The hike out this morning was une peau dificil, steady upwards the whole time and then steeper at the end. It was short, but with a heavy pack that originally belonged to my tall skinny brother in law and so didn't fit me so well, I was feeling the burn.

Our plan today was to hike up a mountain to stay the night, and after hiking out this morning I wasn't super excited about going 2 miles straight UP. Then it started to pour, and I got chilled and cranky, so Jim made me some miso soup and we started cruising for car camping sites until we found this place quite by accident, and were it sunny today it'd be paradisical. Right on the lapping shore of a giant blue-green lake in this very nice, walk-in tent-only campsite. So we still did a bit of hauling as it turned out - the 200 yards to the van, 200 yards back to the site, repeat...

But we'd prepared in the case this happened as this entire summer so far has been one constant downpour - we brought the "big ass" 6-person tent and inflatable mattresses just in case. Would that I'd thought to throw some pillows in the van too.

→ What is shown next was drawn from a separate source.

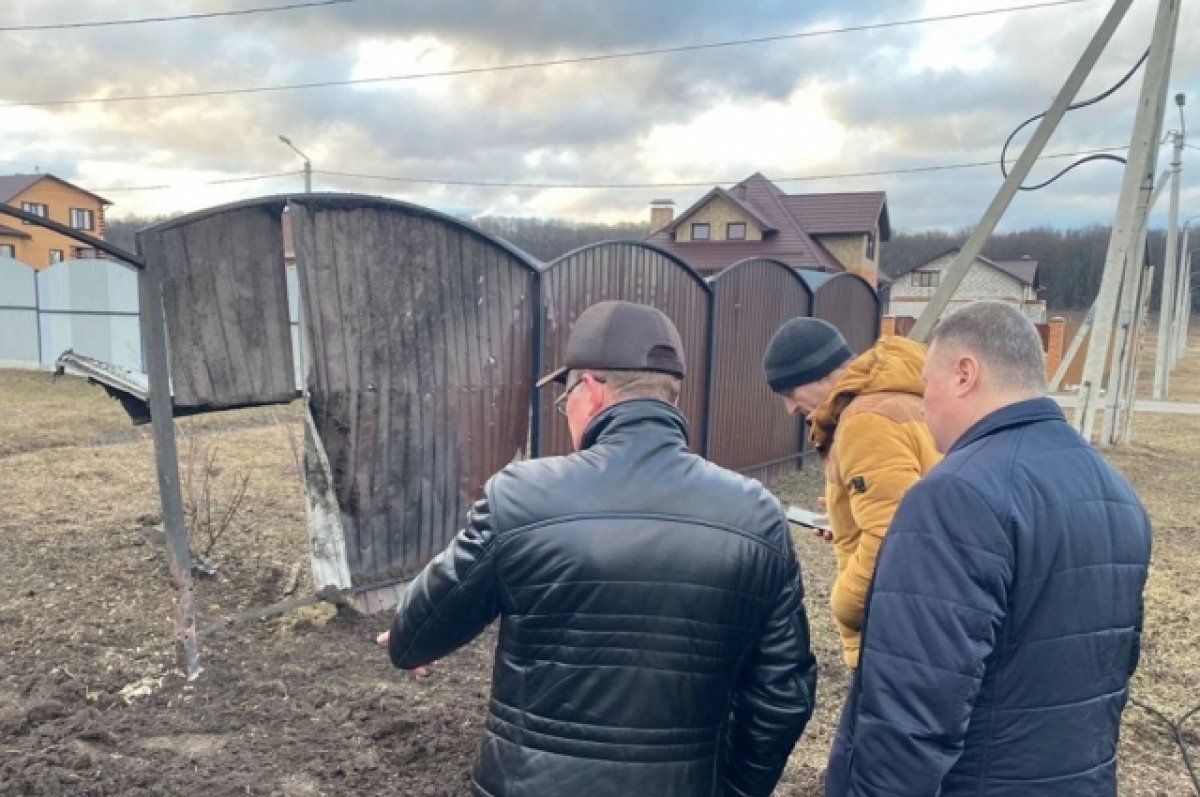 Осколки ракет повредили три дома и четыре авто под Белгородом | АиФ Белгород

Despite the rain and chill and sitting in a tent when we could be hiking or swimming or at least sitting by a campfire, this is really nice. I'm dirty and damp and there's nothing to do but think and stare and play cards and write. Which we identified at last night's campfire as one of the very nicest things about getting into the wilderness - all those terrible multiple options for things to do at home, to get done, to accomplish, to entertain oneself - are all removed, and instead the basics of staying warm, dry and fed become wholly satisfying pursuits that remind us of how human we are, which is to say: very.